In the past, when you provided your credit card info, when the card expired, you needed to manually update the info with the merchant. Once the card expired, the merchant was no longer able to bill or rebill the card for new charges. Sometimes credit cards are used for regular monthly billing subscriptions or to order products to be delivered on a regular basis. Companies are notorious for continuing to rebill customers even after cancellations, and sometimes the expiration of a credit card was the only way to stop the unauthorized charges.
Rebilling credit cards is one of the biggest ways companies scam consumers. With the complicated statements sent out, it can be hard to see small rebills or very difficult to dispute charges. These disputes can be made more difficult when you did provide the merchant with your card info, but you now wish to cancel the service. I have experienced situations where it becomes my word against theirs as to whether I really did cancel the service.
Online and TV direct response companies are notorious for this. The infamous Girls Gone Wild company has made a fortune using practices like this. They would present outrageous offers to get you to provide your payment info for this cheap lure offer, like $9.99 for a DVD. The fine print says you will receive new DVDs monthly, which are automatically charged to your credit card, unless you return them unopened for credit. As you can imagine, most people opened the DVDs and then just decided to keep them anyway, rather than go through the time, hassle and expense of trying to call the company, pack and ship the DVD back, then monitor the refund of your money. Most people simply kept the DVDs and paid the inflated prices that were charged. That first DVD may have been $9.99, but the monthly single DVDs would often be much higher, $29.99 plus almost $10.00 in shipping and handling fees.The industry calls this practice of sending repeated product a “continuity program” and call the overall practice “negative option sales,” meaning they keep sending new stuff until you tell them not to.
This generated millions of dollars in revenue for the company.
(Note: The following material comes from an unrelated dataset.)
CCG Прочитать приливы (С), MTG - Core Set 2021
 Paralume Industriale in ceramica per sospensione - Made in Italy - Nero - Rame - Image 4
The company was charged with illegal practices in 2003 and settled with the Federal Trade Commission for over a million dollars in 2004 after admitting to a range of deceptive practices all hurting consumers and making them more money.
Once one of these companies had your information, the only way to stop unauthorized billings was to close the account or wait for the card to expire. You could often call customer service, they would agree to refund money and stop billing the card, but then billing would continue. I have had this problem with Sirius Satellite Radio and DirecTV. Customer service confirms the account is canceled, yet my card would continue to be billed.
Now this new rule will allow card issuers to automatically update the card account information with the merchants. I feel this is very anti-consumer and if you search online for information, you will see many card processors and issuers, using this new rule as a bonus, a plus for merchants and a way to make more money.
Payment Data Systems, owned by giant bank HSBC, highlights all the merchant friendly features of this new credit card account updater program on their site, but with a positive spin aimed at merchants. I think it’s funny, they claim it increases customer loyalty and helps retain customers, this is a nice way to say lock them in. They also note it keeps the process “transparent” to customers, meaning they aren’t reminded the merchant is billing them, which leads to further potential of fraud.